Why were there so many \r\n explicitly written? This is the representation of a CRLF character, or more simply, a line break. But why were they not being interpreted as a line break (which they are) and being displayed explicitly? Looking carefully at the PoC’s Python script, we would find this as the definition of the headers:
1
2
3
4
5
6
7
8
request_headers = (
f"POST /post_target HTTP/1.1\\r\\n"
f"Host: {TARGET_HOST}:{TARGET_PORT}\\r\\n"
f"Transfer-Encoding: chunked\\r\\n"
f"User-Agent: PoC-Client/1.0\\r\\n"
f"Connection: keep-alive\\r\\n"
f"\\r\\n"
).encode('ascii')
As we are building a header that will be encoded as simple ASCII, we truly want to explicitly write the line breaks, as they are important for the packet structure, delimiting each line. But note that each line break is written as \\r\\n, not simply \r\n. Accidentally, writing in this way, we end up scapping the backslash and getting the literal text \r\n, and not the line break character we would expect. This explains why we saw so many \r\n in Wireshark. But, as this behavior was present in the whole Python malicious script, we don’t have any true line break! The packet we were seeing is just a giant single line.

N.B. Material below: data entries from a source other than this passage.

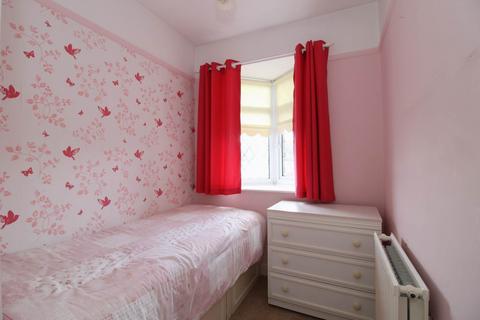 41 Dudley Drive, Morden, SM4 4RJ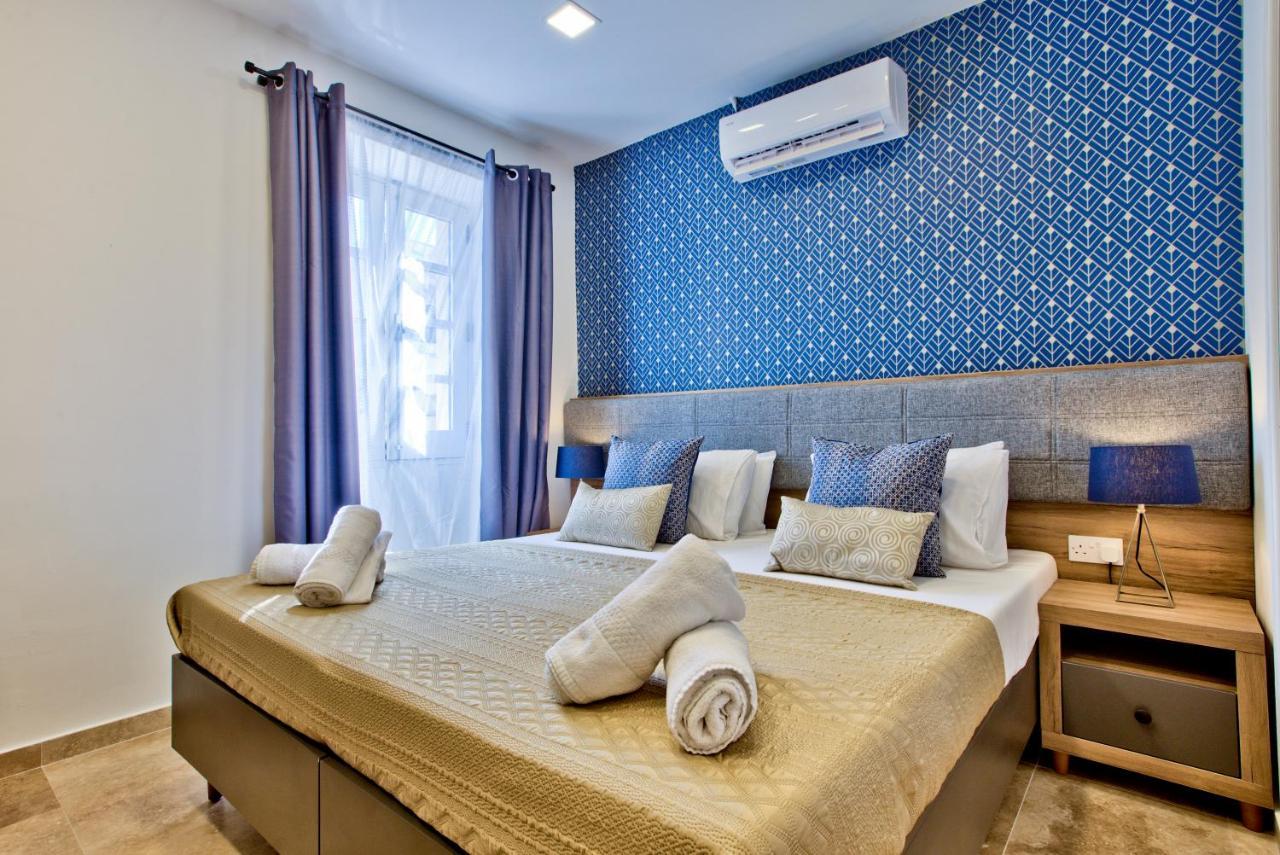 Valletta Luxury 4-Bedroom Duplex With Stunning Sea Views Private Terrace And Jacuzzi Exterior photo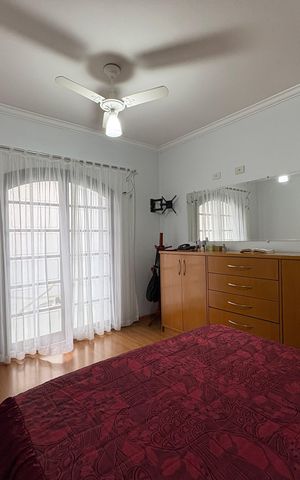 Casa à venda com 260m², 3 quartos e 3 vagas Casa à venda com 260m², 3 quartos e 3 vagasSuite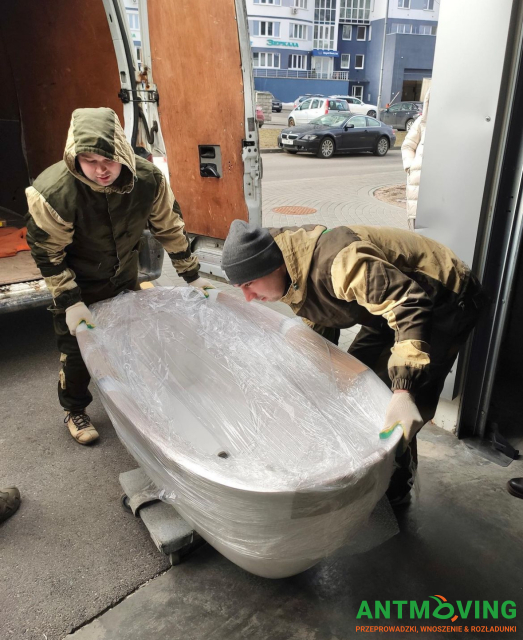 Podnoszenie kamiennej wanny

If we are not building the malicious packet in the correct way, why does the fix still work? The fix commit available in GitHub’s repo proposes exactly a limitation on the maximum length for each read line, getting to fix this flaw. But, if so, and what if we change the Python script to correctly break the lines, switching the \\r\\n to \r\n? The flaw persists! And, now, we observe that the packets are well interpreted in Wireshark:
Wireshark view of the first packet of the communication, now using the adjusted PoC script.
So, by mistake, the proposed commit ended up fixing another flaw: before it, the library didn’t enforce any limit for a unique line, permitting an attacker to also allocate memory arbitrarily by exploring it. However, the original vulnerability about packets encoded as chunks was still there.
Reporting our findings and concluding
We reported this unexpected behavior by writing an advisory in GitHub’s project repository, explaining it in detail. The proposed fix by the library’s maintainer now checks if the total length of the chunks exceeds the payload limit and also changes the return information of the functions responsible for reading the packets, making clear the disction between errors in the reading and packets that exceed the payload limit. In this way, version 0.23.0 of the library is also secure against huge chunked messages.
Therefore, the original CVE-2025-46728 that we found was decomposed into two new ones: CVE-2025-53628, which reports the absence of a unique line size limit; and CVE-2025-53629, which reports the problem with chunked packets. It was a fun journey!